Make sure chickens don’t gorge only on wheat by limiting access. Provide grit to help grind wheat in the gizzard.

How Often to Feed Wheat to Chickens?

A Chick Feeding With Adult Chickens (image by Prince Abid)
A Chick Feeding With Adult Chickens

Wheat should be fed in moderation 1-2 times per week at most. Chickens enjoy wheat as a treat but too much will throw off their nutrient balance.

Here are some feeding frequency guidelines:

  • Hens: 1/2 cup wheat 1-2x per week
  • Chicks: 1-2 tbsp wheat 1-2x per week after 2-3 weeks old
  • Roosters: 2-3 tbsp wheat 1-2x per week

The rest of the week, provide a commercial feed or balanced homemade ration.

Can Baby Chickens Eat Wheat?

Wheat shouldn’t be fed to chicks younger than 2-3 weeks old as their digestive systems are still developing. Before this age, feed a starter feed made for chicks.

At 2-3 weeks old, chicks can start to eat small amounts of wheat as their gizzard and gut mature. Start with just 1-2 tablespoons of wheat once or twice a week.

The wheat ration should not exceed 20% of the baby chick’s diet…

Increase the wheat ration slowly as the chicks grow, making sure it doesn’t exceed 20% of their total food intake for balanced nutrition. Monitor chicks for any digestive issues with new foods.
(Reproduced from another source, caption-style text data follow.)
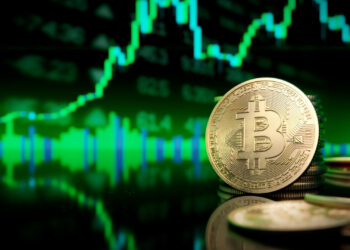 Bitcoin Caught Between $100K Support and $110K Resistance as Traders Eye Breakout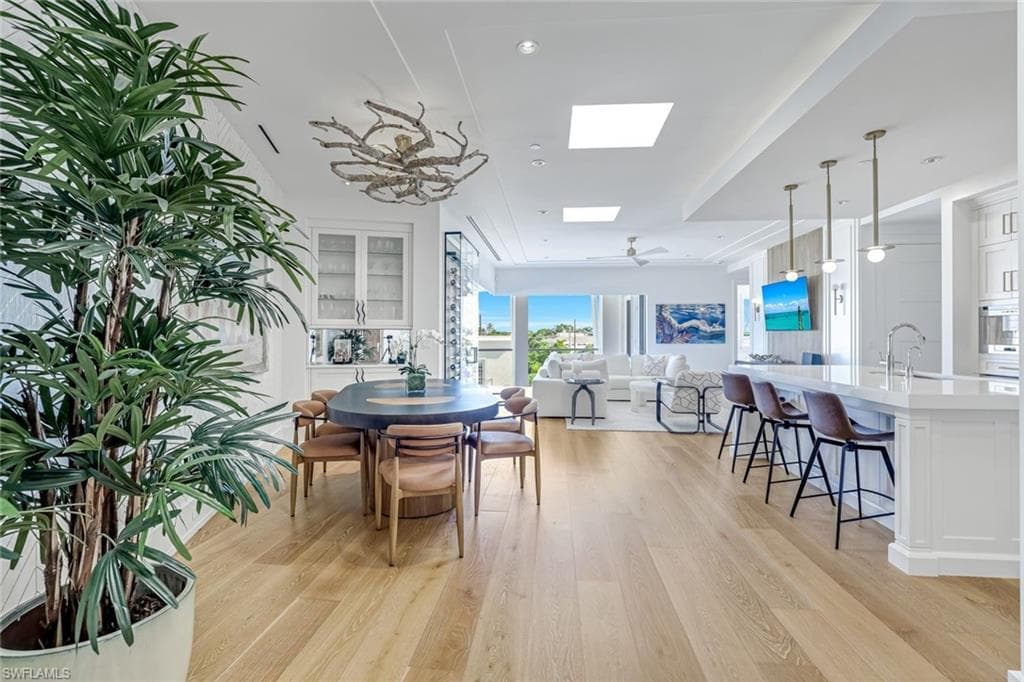 382 12th Ave S 4, Naples, FL 34102-13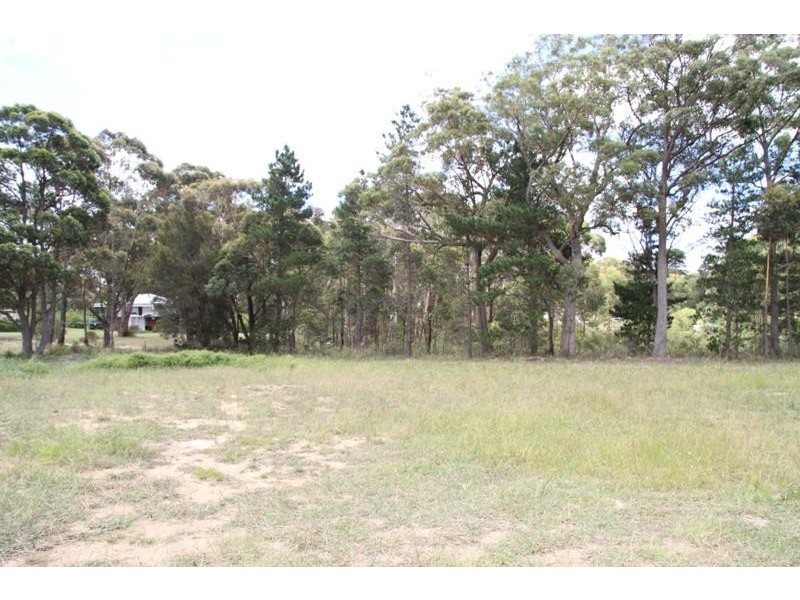 2 Garbutts Rd, Wingello NSW 2579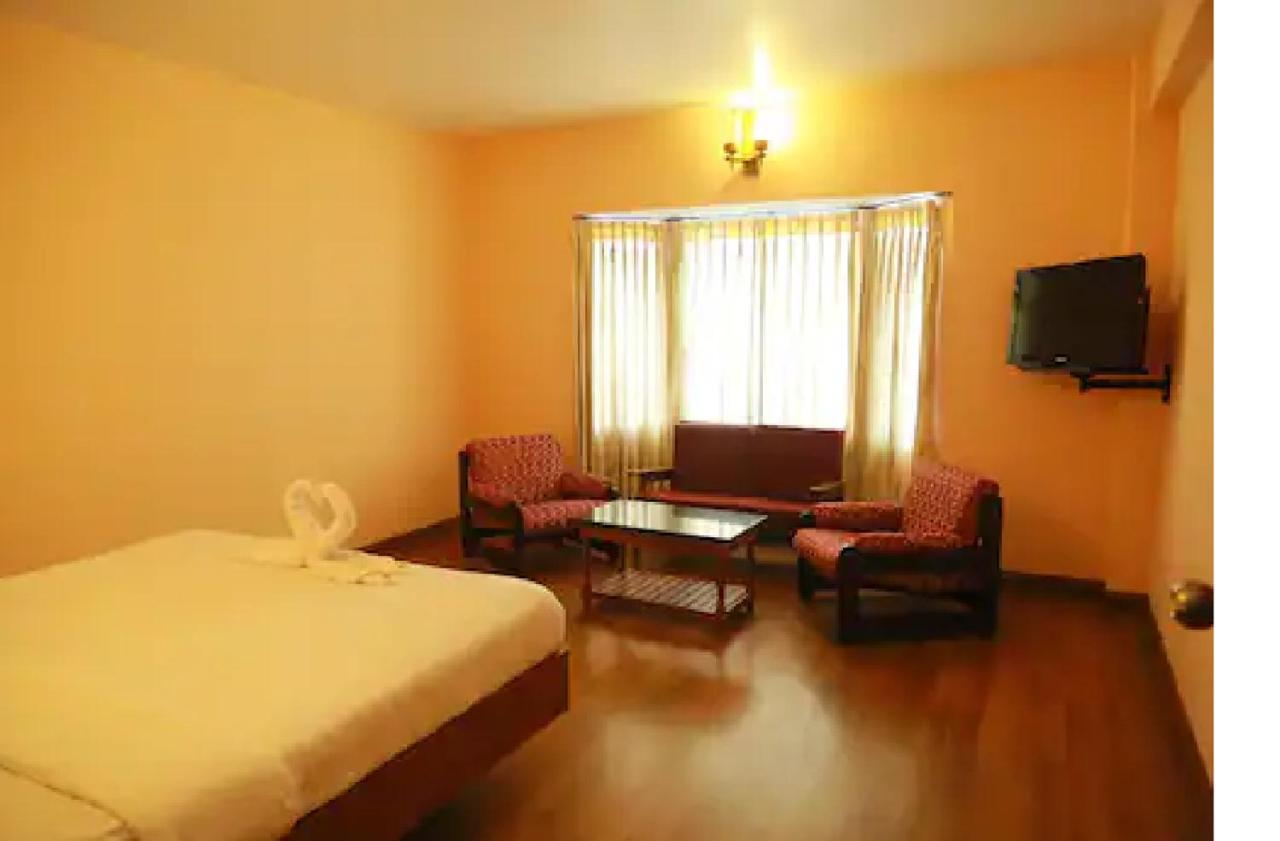 Hotel Blue Bird Ooty Luaran gambar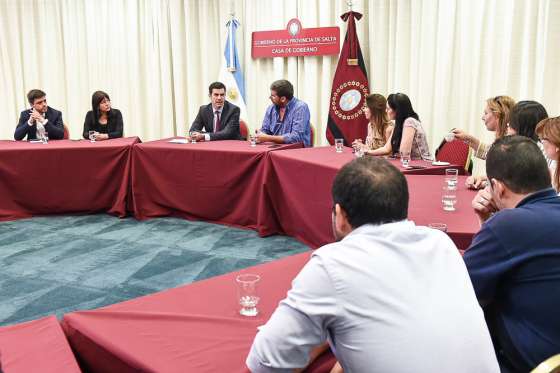 El Gobernador recibió a beneficiarios del plan de viviendas Procrear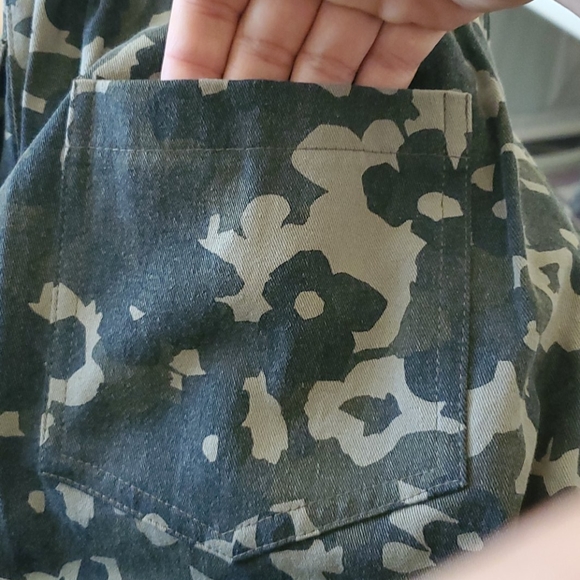 Anthropologie Amadi Green Camo Floral High Rise Pants Medium - Picture 12 of 12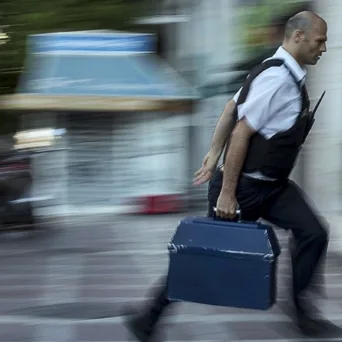 Ποιες είναι οι 14 νέες αλλαγές στα capital controls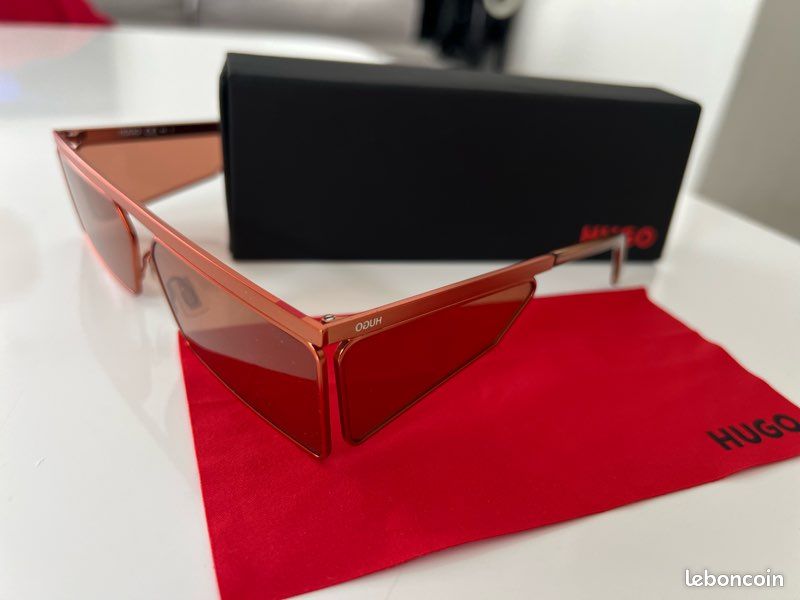 Lunette de soleil / HUGO BOSS (image 2)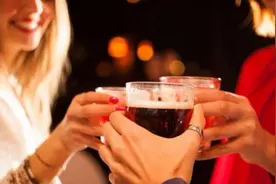 喝解酒药可以“解酒”？酒后用这两招快速让酒精从尿液排出图片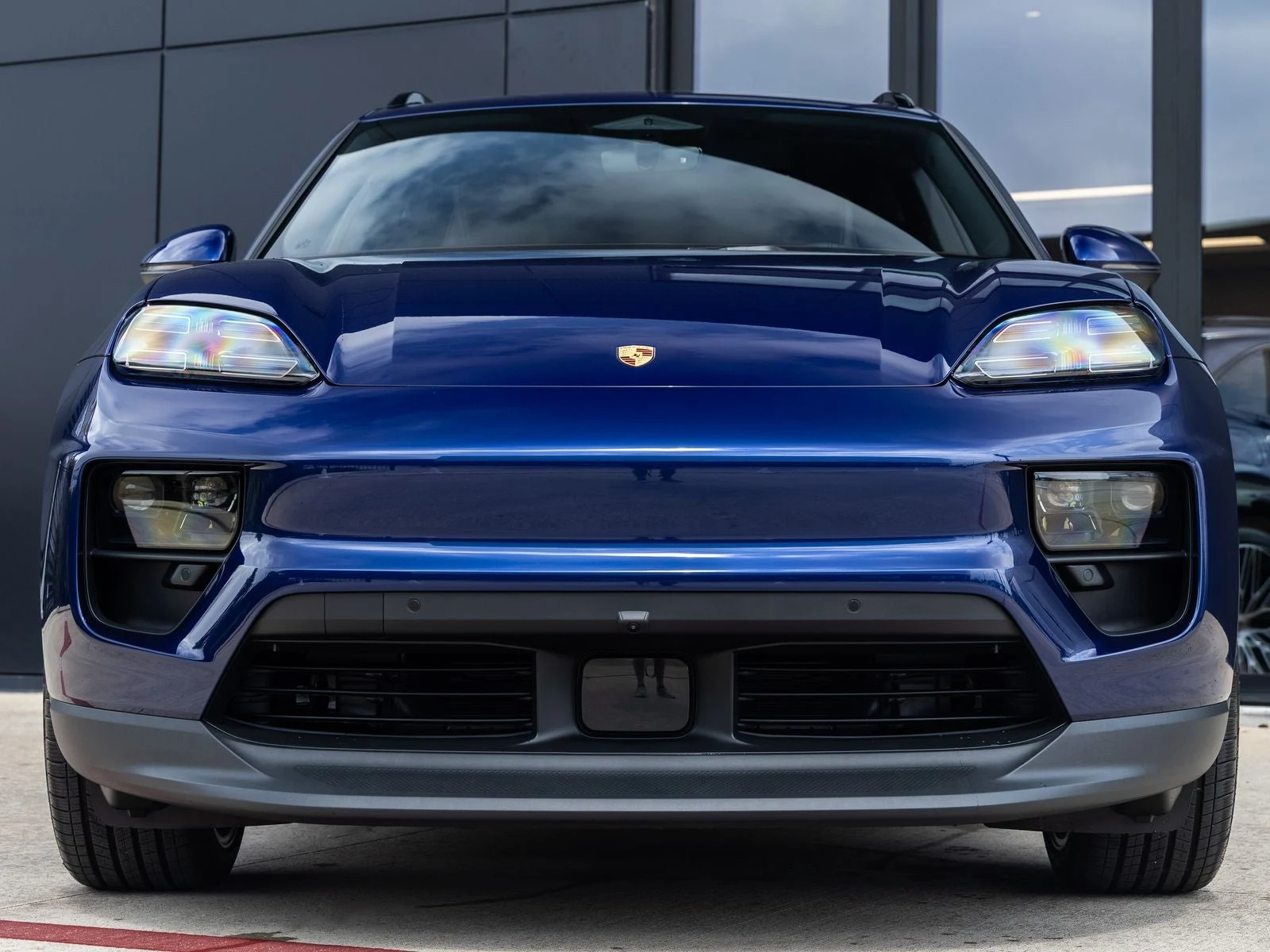 2026 Porsche Macan 4 Electric (XAB), 8/20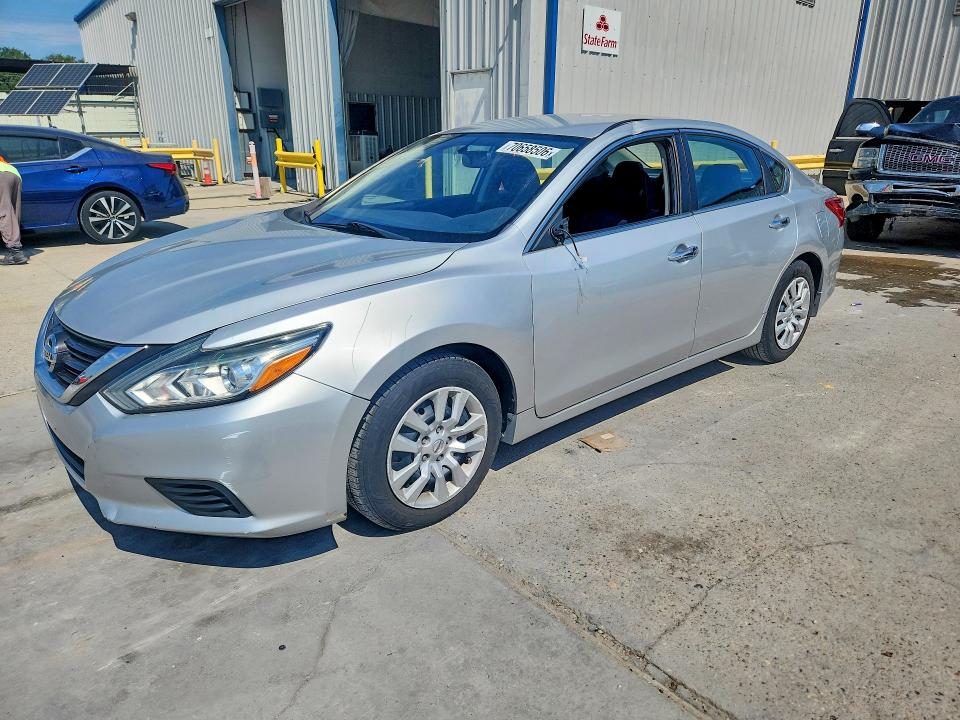 2017 Nissan Altima მანქანა იყიდება აუქციონზე, vin: 1N4AL3AP2HN314018, აუქციონის ნომერი: 70658506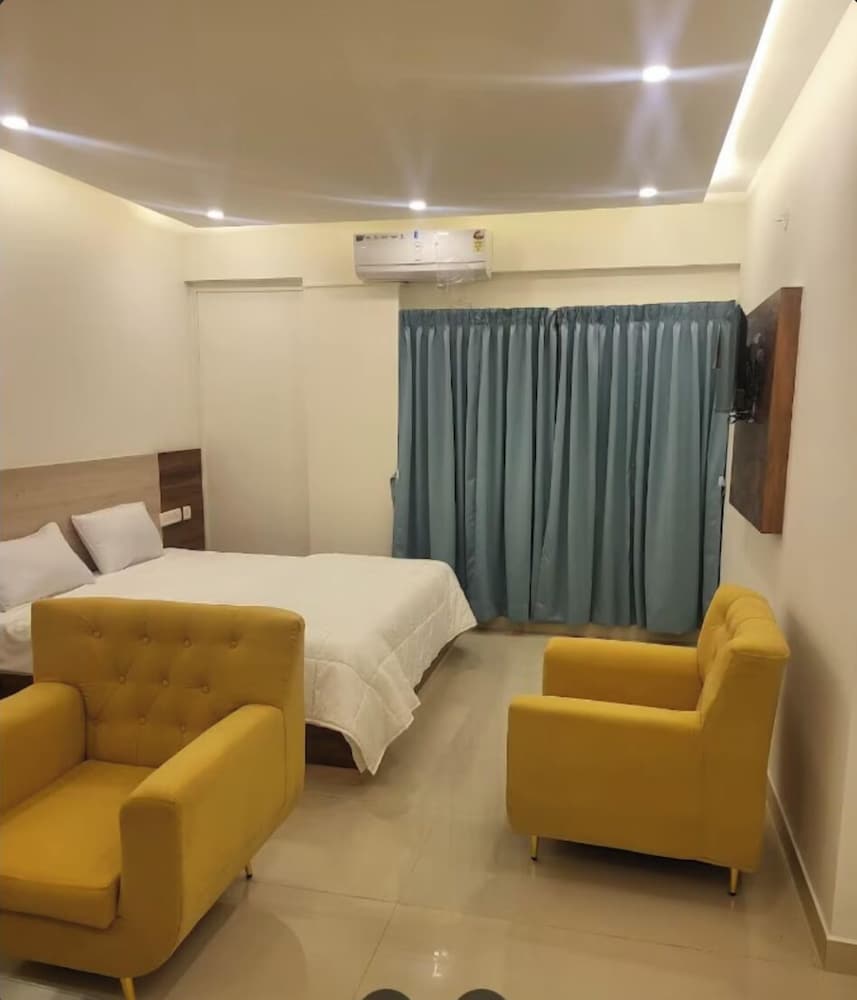 VRB HOTEL AND RESTAURANT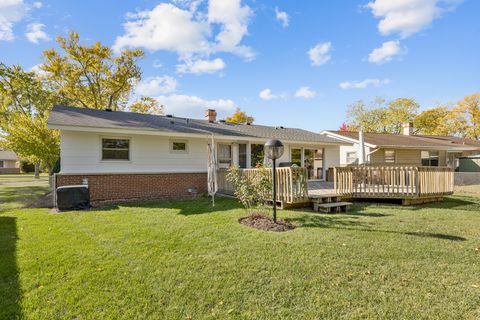 Tiny photo for 522 Edgewood Lane, Elk Grove Village, IL 60007 (MLS # 12468309)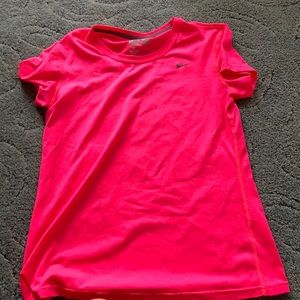 Nike dry fit tee shirt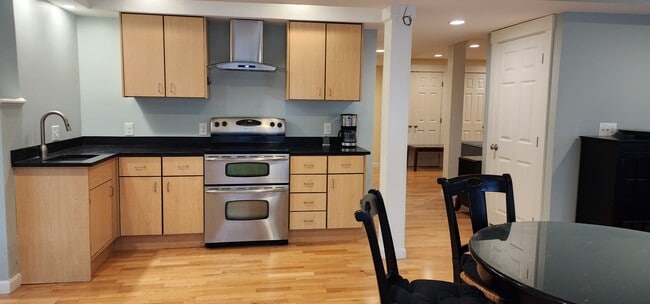 Building Photo - 20 Estabrook Rd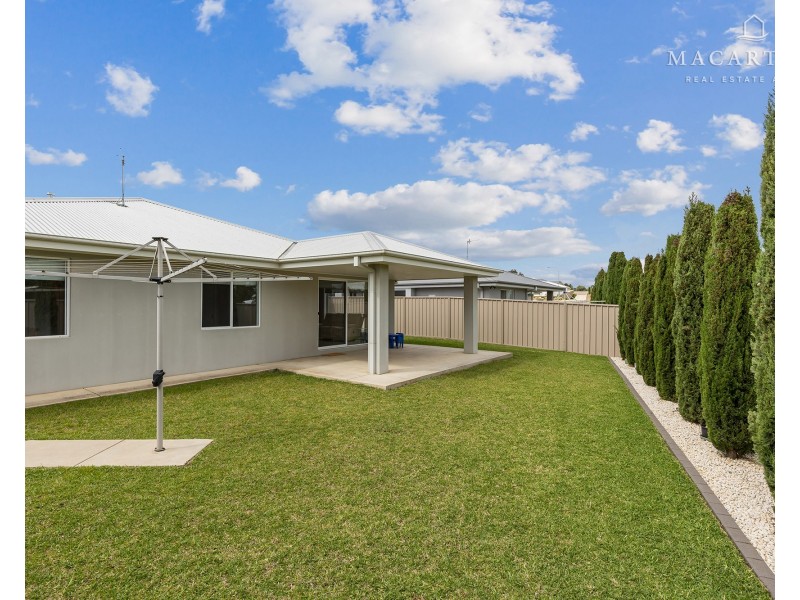 1/8 Kellerman Crescent, Boorooma NSW 2650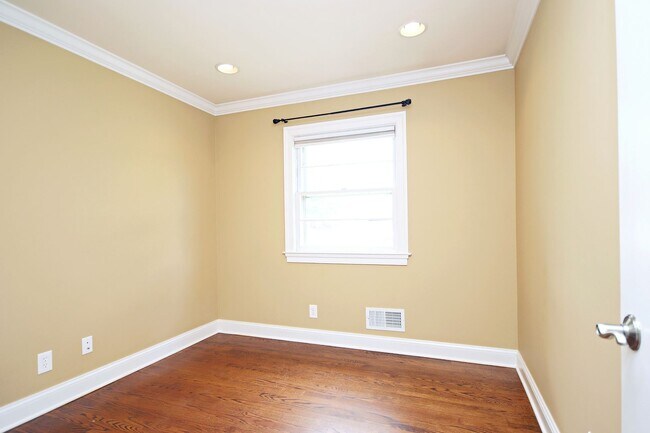 Building Photo - Locust Grove Home With Fenced Yard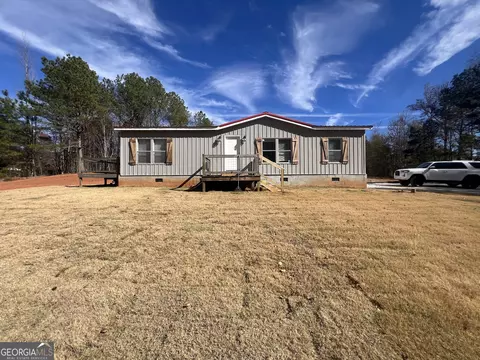 1425 Dowdy Rd, Roopville, GA 30170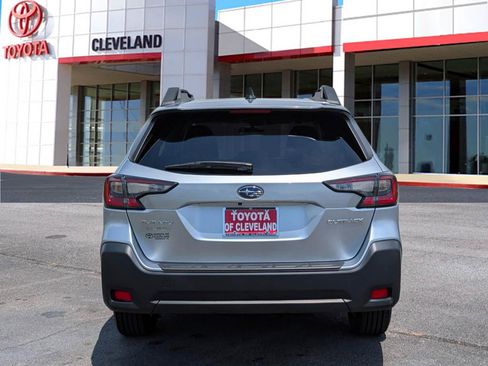 Used 2025 Subaru Outback Premium w/ Popular Package #1A AWD/4WD image 6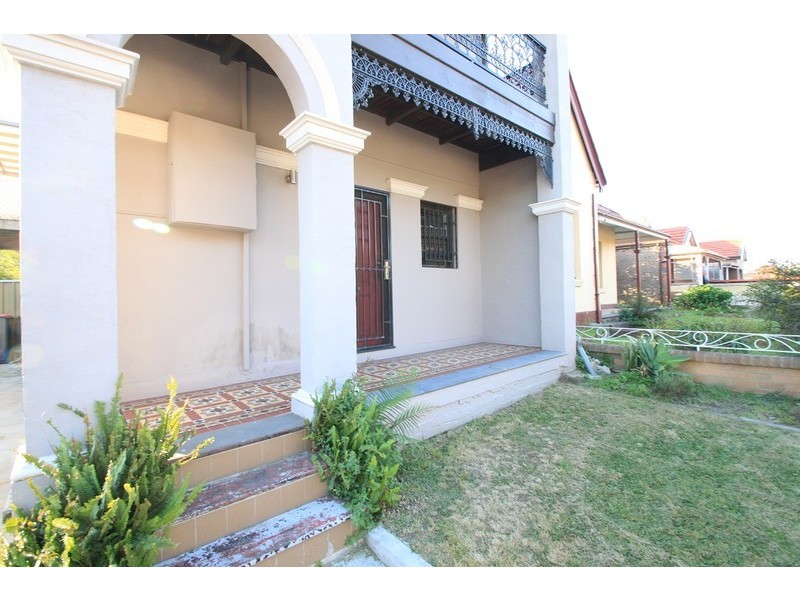 1/8 Ivanhoe Street, Marrickville NSW 2204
In summary, wheat, in moderation, can provide valuable nutrition to chickens of all ages. Follow the guidelines on amounts and frequency, and offer wheat as part of a varied diet (feed and other plants as a treat) for happy, healthy chickens.

Frequently Asked Questions

Should I soak wheat before feeding chickens?

Soaking wheat before feeding chickens can be beneficial. It helps to increase its digestibility and makes it easier for chickens to consume. Additionally, soaked wheat is a suitable option for older chickens or those with dental issues, as it becomes softer and more palatable.

Can I feed my chickens wheat germ?

Yes, feeding chickens wheat germ is a good idea. Wheat germ is a nutrient-rich part of the wheat kernel, containing essential vitamins, minerals, and healthy fats. Adding wheat germ to their diet can enhance their overall nutritional intake, supporting immune function and promoting feather and egg production.

Is wheat good for egg-laying hens?

Yes, wheat is good for egg-laying hens. It provides essential nutrients, including protein and carbohydrates, which are crucial for sustaining the energy levels needed for consistent egg production. Including wheat in their diet, along with a balanced feed, contributes to the overall health and productivity of egg-laying hens.

Why won’t my chickens eat wheat?

Chickens may refuse to eat wheat for various reasons. It could be due to its form (whole or cracked), unfamiliarity, or a preference for other grains. Introduce wheat gradually into their diet, consider mixing it with their regular feed, or try different forms to determine their preference. If they continue to reject it, consult a veterinarian to rule out any underlying health issues affecting their appetite.